Todo lo cual parecería ser algo muy humano: la comunión sería el clímax de este impulso de comunicación.
Estuve media ahora observando, tratando de descifrar el fenómeno que nos engloba. Tratar de dar respuestas a cada fenómeno que cae alrededor también es otra obsesión. Pero yo no quería resolver esa cuestión antes de tener una idea, al menos vaga, una tímida hipótesis, del fenómeno que había atrapado a el resto de la gente que no estaba comprando, consumiendo (fenómeno más primitivo y más fácil de explicar).
Para responder a esta pregunta había que preguntarse primero por qué el fenómeno de hablar por teléfono y, sobre todo, de textear, ha reemplazado de forma tan dramática el simple acto de hablar cara a cara, con lo interesante que debe ser sentir con todos los sentidos a un semejante, a otro ser humano.
¿Cómo explicar, entonces, la contradicción de este impulso histórico de comunicación con la incomunicación resultante?
Entonces creí encontrar la lógica de esta aparente contradicción.
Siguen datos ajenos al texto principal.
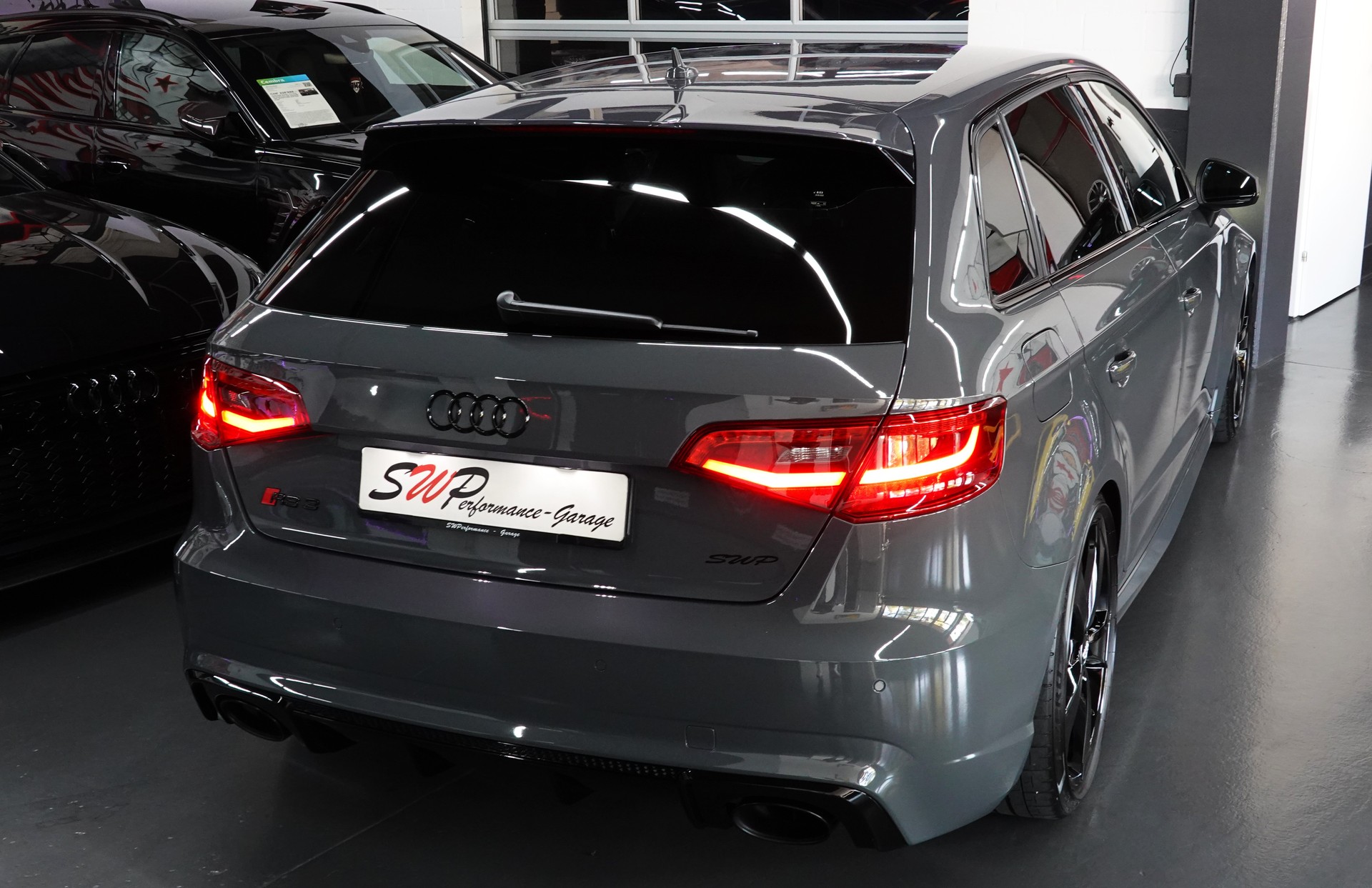 AUDI RS3 2.5 TSI QUATTRO S-TRONIC BILSTEIN NANO GREY MET. EXCLUSIVE-image-24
En el mundo de la comunicación digital no sólo se destila en su estado más puro el acto de la comunicación, que requiere la distancia como obstáculo de placer, sino que el acto es una confirmación del individuo aislado, alienado, por la supresión del otro, por la objetivización del sujeto.
En este mundo, el otro se ha multiplicado de forma exponencial y proporcionalmente se ha diluido la comunión con cualquiera de ellos. El otro es menos sujeto y mas objeto, desde el momento en que yo, como individuo, puedo decidir cuándo eliminarlo. Es decir, en todo momento me protege la conciencia o la percepción de que el otro no amenazará mi espacio individual con una visita incómoda de la que no puedo deshacerme. Así, el otro está bajo control.
Los jóvenes y el viejo estaban allí, comunicándose con alguien más, con muchos más, pero su espacio vital, sus individualidades estaban protegidas por un simple botón (que ni siquiera es un botón) capaz de eliminar la presencia del otro, capaz de ponerlo entre paréntesis o de arrastrarlos a un tiempo posterior, un tiempo de calendario que depende del individuo-aislado-que-se-comunica.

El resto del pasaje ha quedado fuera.